It can also be seen in FIG. 8 that an area LP2′ above the light/dark boundary LD2 is also illuminated with a certain intensity to produce a sign light.

Thus, in the example shown, a lighting device without an inventive optical structure produces a low beam pattern LP1 with a light/dark boundary LD1 having a certain sharpness, described by the so-called “gradient”. Providing an inventive optical structure 100 modifies this unmodified light pattern LP1 to reduce the sharpness of the light/dark boundary, so that it meets the legal requirements and is perceived as pleasant by the human eye.

In addition, the described embodiment projects part of the luminous flux of the lighting device 1 into an area LP2′ above the light/dark boundary LD2. This optimally makes it possible, with the inventive optical structure 100, to produce a sign light described at the beginning, in which, for example, each optical structural element deflects a small proportion of the luminous flux passing through it to a corresponding area.

In the specific embodiment shown, the luminous flux deflected by the optical structure lies in an area LP2′ between 1.5° and 4°, especially between 2° and 4° above the HH line.

A sample embodiment of the invention provides that the optical structure deflects 0.5-1% of the luminous flux of the lighting device 1 into an area LP2′ above the light/dark boundary LD2.

If we consider FIGS. 8a and 8b, they show the individual light spots as shown in FIGS. 7a and 7b, modified by an inventive optical structure 100 for gradient softening and simultaneous production of a sign light.

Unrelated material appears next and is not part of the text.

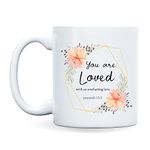 AR Creative You are Loved - Inspirational Bible Verse Printed Mug, Bible Quotes, Christian Quote Coffee Mug for Gifting, Gift Idea for Any Occasions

As can be seen, the individual light spots are smeared (softened), at least in the area of the light dark boundary, and a (small) part of the luminous flux that contributes to the light spots shown in FIGS. 7a and 7b when there is no optical structure is simultaneously deflected into an area above these light spots, to form a sign light.

FIG. 9 once again shows, as an example, the already known lens 5, which has, on its outside, an optical structure 100 that consists of individual structural elements 110. An individual structural element 110 with a diameter d and a height h is also schematically shown in FIG. 9.

Returning once again to FIG. 9, it can be seen that in the embodiment of the invention shown, the bases of the structural elements 110 have a circular cross section. In the case of a curved defined surface that has the structural elements arranged on it, the projection of the base—that is the area on the defined surface occupied by a structural element—is viewed in a plane.

Thus, structural elements are preferably essentially rotationally symmetric, but can have, depending on the application, different deformations, i.e., deviations from this rotationally symmetric structure; it is possible for these deformations to cover a large area, but as a rule they are local.

The structural elements 110 are arranged on the grid points 201 of a hexagonal grid 200 (see FIG. 10). FIG. 11 shows how a structural element 110 with a circular base sits on each grid point 201 of the grid structure 200.

In the embodiment shown, in which the grid structure forms a hexagonal grid 200, it is possible for about 87% of the defined surface to be filled with structural elements 110, about 13% of the unmodified surface 111 (see FIG. 12) is not covered by a structural element.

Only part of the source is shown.